The best way to grow a business is to sell more mainstream product. To achieve that, your staff need to be better at selling – more motivated, more skilled, and more confident that they can do it well.
Unfortunately, in the UK we are typically very backward at training staff. There is a fear that training staff will result in them leaving to join competitors who can afford better wages because they spend nothing on training.
That argument sounds valid, but in reality, staff who have been well trained are typically far more loyal than those who have not. There will always be a level of staff turnover, but this is caused more by not training than the opposite. I would add that some staff turnover is a good thing – new staff arrive with fresh ideas and ways of working that represent a learning opportunity for everyone else.
There is another negative reason for not training – it can make the boss (ie, you) look bad. If your younger staff are running rings round you in some aspect of IT, it’s not a problem, it’s the market’s way of telling you that your own skills need upgrading.
If you think your 25 years’ experience means you don’t need update training, you are almost certainly wrong. I recall on a training course one manager coming out with the “‘25 years’ experience” line and being told he had one year’s experience 25 times. There wasn’t actually a fist-fight, but it came close. (Incidentally, the young critic was right, even if he was needlessly rude.)
Borrow the best practice from the business world at large, plus any small businesses whose staff you rate highly. As long as they aren’t competitors, I’m sure the latter will be ready to provide input. Big companies have departments full of people to answer questions about such matters, plus websites featuring them, often in some detail.
Everyone thinks they are special. That applies not just to individuals, but to businesses, indeed business sectors. So you, quite reasonably, want a training course designed specifically for the channel.
Look at the good work being done by CompTIA. It is focused on relevant skills, such as developing problem-solving and critical-thinking skills. It also has government funding to get more people trained in cyber security. That includes parents, carers and graduates. It’s a pretty well-paid field, too.
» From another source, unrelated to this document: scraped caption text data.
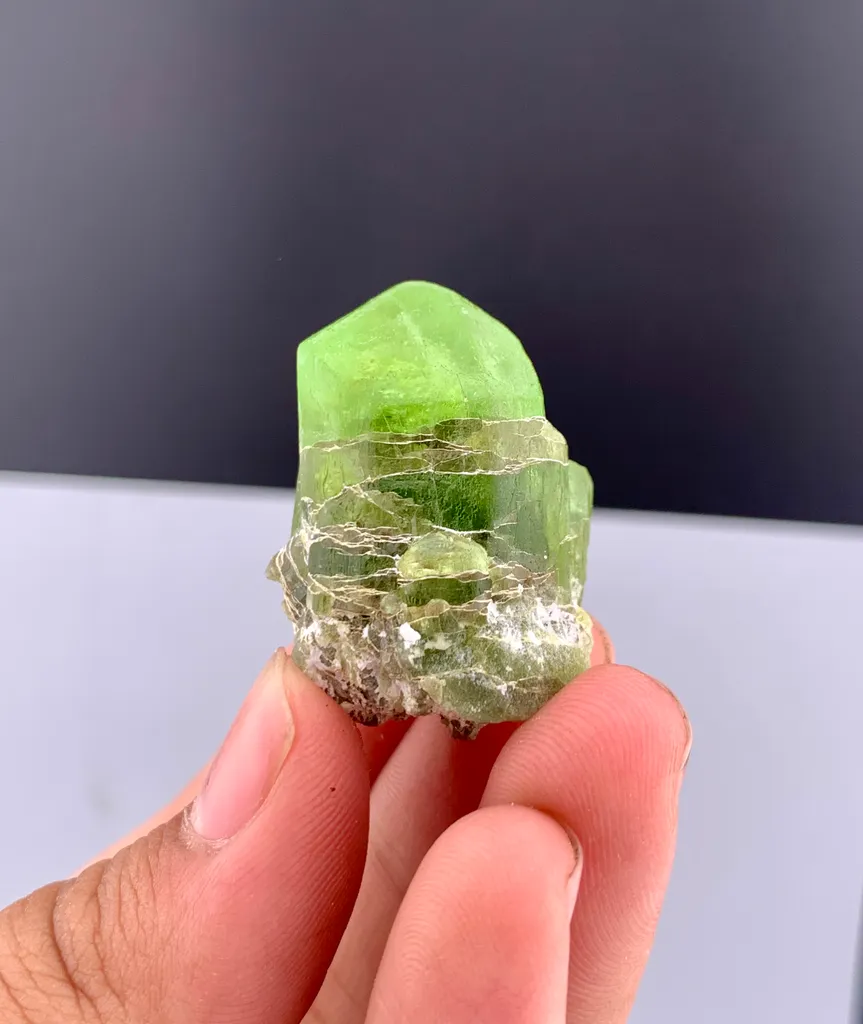 Peridot from Pakistan - image 8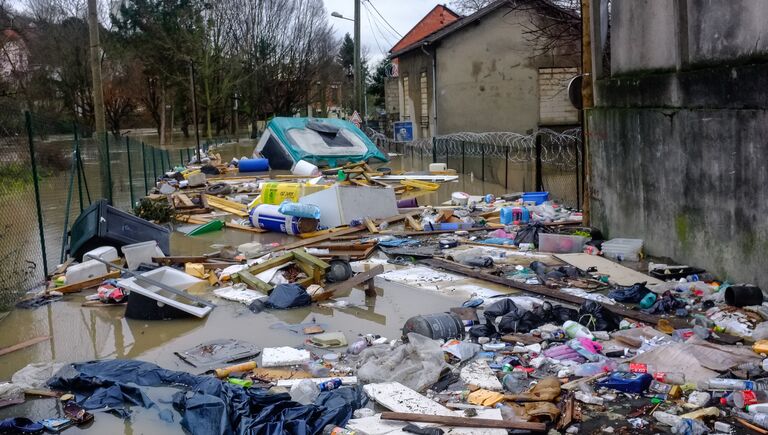 Одна из затопленных улиц в Париже, из-за прошедших ливневых дождей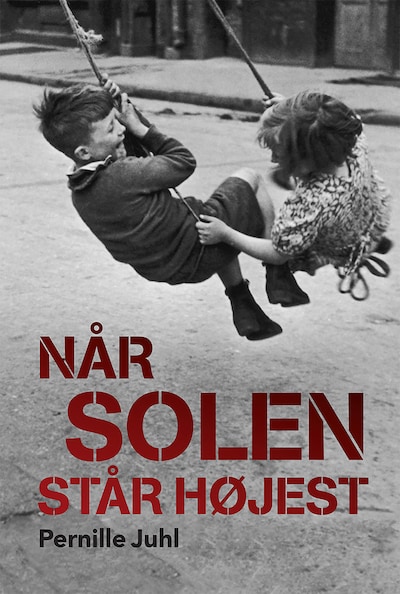 Når solen står højest – omslag til lydbogen af Pernille Juhl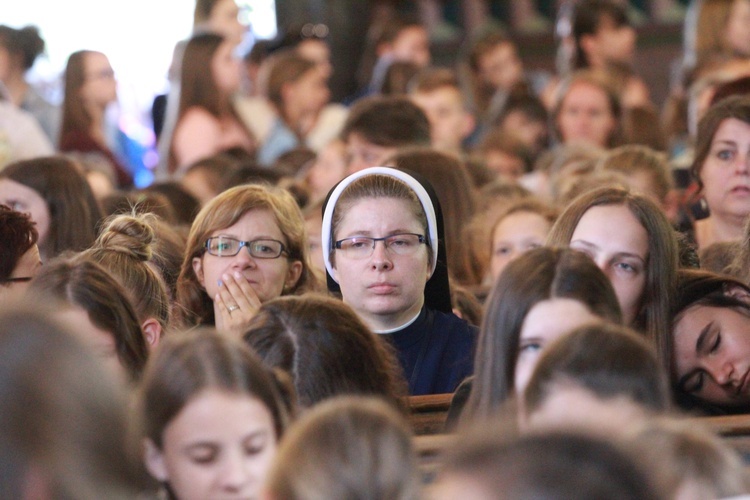 Pielgrzymka DSM do Chorzelowa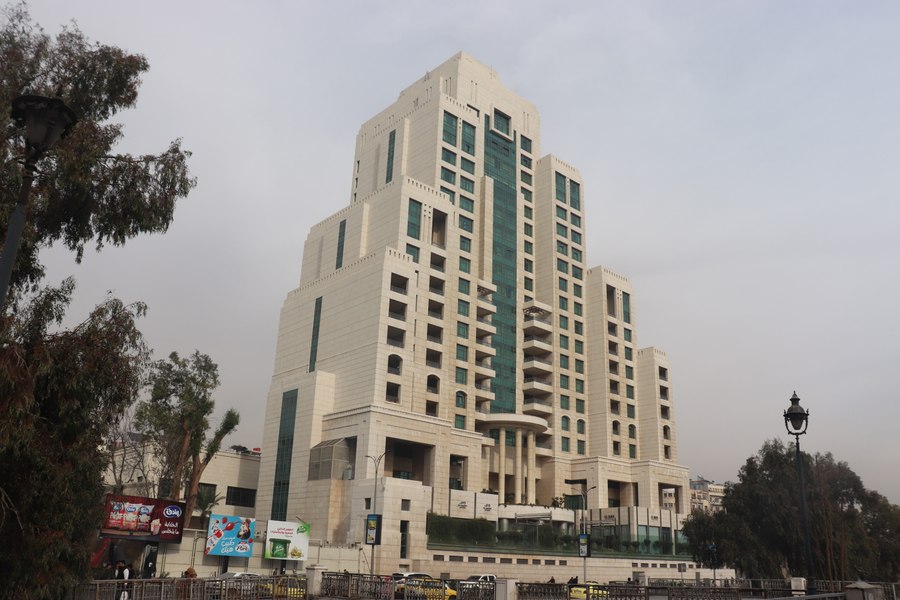 Iranul lansează un avertisment către hotelurile din regiune: Orice unitate care găzduiește personal american e considerată o țintă legitimă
Nutanix is encouraging partners to get involved with selling hyper-converged infrastructure (HCI). These are high-value services that customers actually want. It stresses the need for partners to evolve away from picking the low-hanging fruit which are the easy sale and seek instead to sell a higher-value offering.
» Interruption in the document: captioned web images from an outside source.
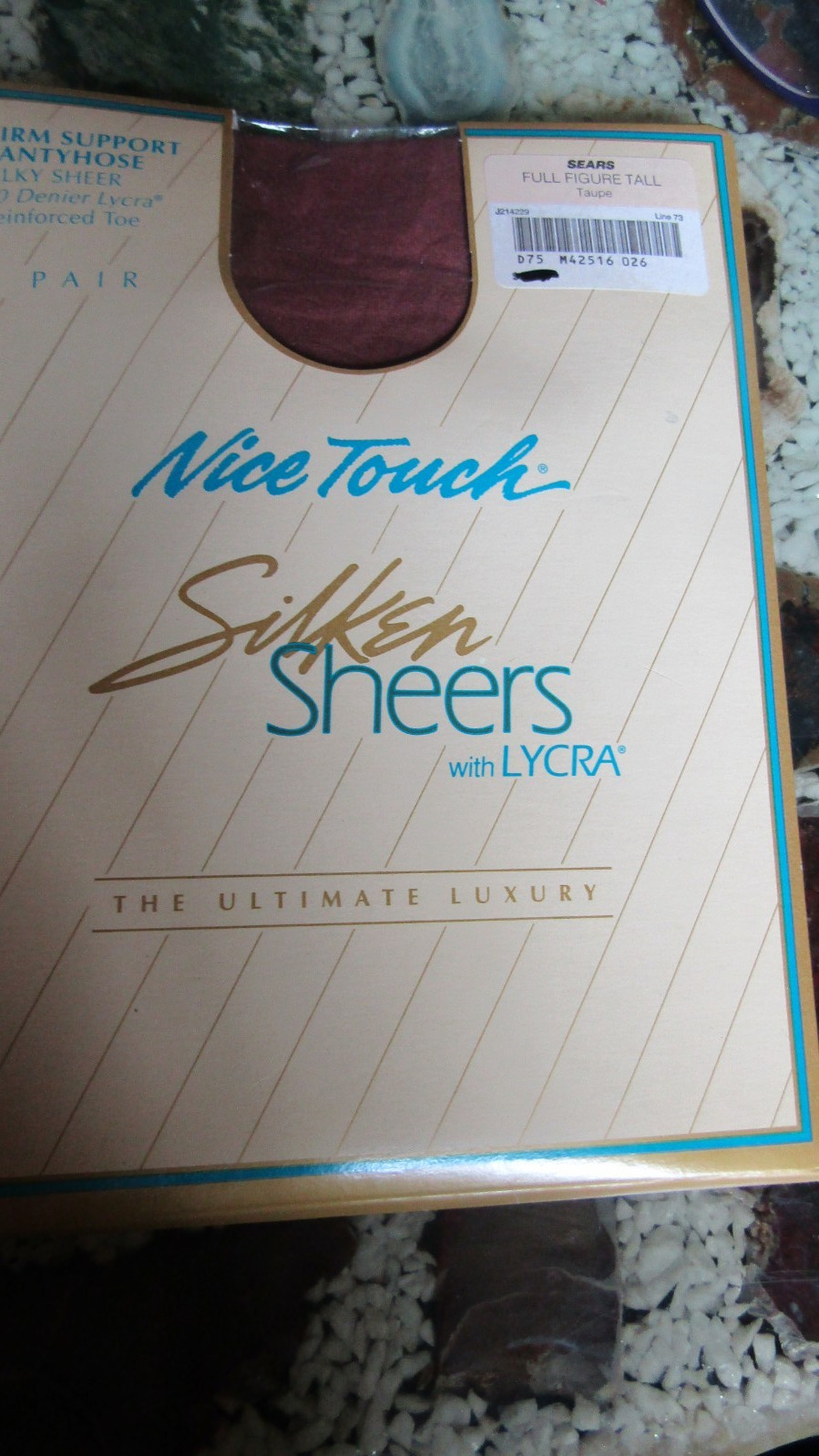 NICE TOUCH Vintage TAUPE Nylon PANTYHOSE-Size FULL FIGURE TALL – 1980’s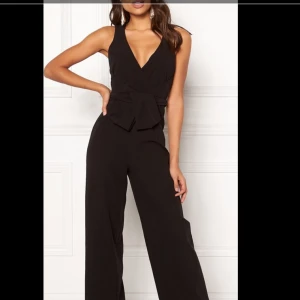  - Helt ny jumpsuit från chiara forthi, bubbleroom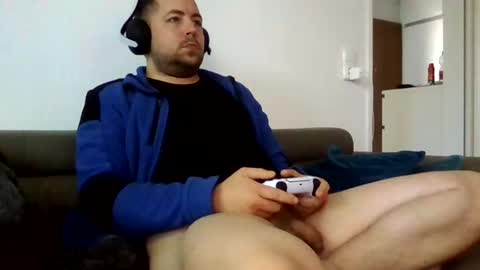 dombio_12 online show from 30, 9, 2025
These examples demonstrate that the channel is training conscious – as it should be – which certainly puts it ahead of many other business sectors.
Study plenty of options
Will a more general training programme work? It could do, because IT is a reasonably standard B2B sale, with complexities in the products rather than the sales process. But you may still struggle to find a course that includes what you want. Study plenty of options carefully.
Let’s look at some basic needs and how to use them. Building rapport with a customer is the first thing to aim for. In the IT world, there are many potential ways to apply that because your prospective customer knows your base products and uses them regularly, both at home and at work.
Aim to give them something new or different for free. This is easier than it looks. I was told by a marketing guy at Microsoft that the company’s biggest frustration is people using only a small percentage of the software, so much so that when they ask members of their own user group what they’d like to see included in the next update, they invariably name features that it already has and typically has had for years.
Telling a prospective customer about a feature that is buried deep in Microsoft Office and will be useful to them will get him or her on your side faster than a speeding bullet. Based on my conversation with the Microsoft guy, you’ll be able to come up with lots of these.
The next thing a staff member needs to know is how to show products. It’s worth pointing out to new employees that this is the fun part of the job, the bit where the customer is having fun, too. You can probably do an excellent job of this on your own, but if you feel the need of support – especially on any products that are not your strength – then bring in the experts.
Sell benefits, not features
You know them well and their services are free – they’re called reps. The good ones in all sectors are mustard-keen on product training, not least because it’s what they’ve been trained to deliver.
As part of this “show and tell”, you will come up against a classic confusion. The experts say, and I totally agree, “sell benefits, not features”. The problem is that a lot of sales and marketing people – some quite senior – don’t actually know the difference.
Amazing, but true. OK, so here it is: fast is a benefit; xyz bits per second is a feature. As a simple guide, benefits are usually adjectives, features are usually nouns, often with attached numbers.
Especially if you have young staff, look at online training. It comes naturally to them, it can be activated 24/7, and it’s typically a lot cheaper than the alternatives. Better still, young staff usually like this training route and, as a result, you get better-trained staff, more quickly and cheaply. What’s not to like?
Here’s what: it could be a bag of nails. Few people who need to buy training have experience or knowledge to guide them. They are inherently taking information on trust. But the online version of training has this advantage: you can try it out first. If that’s not part of the deal, then walk away.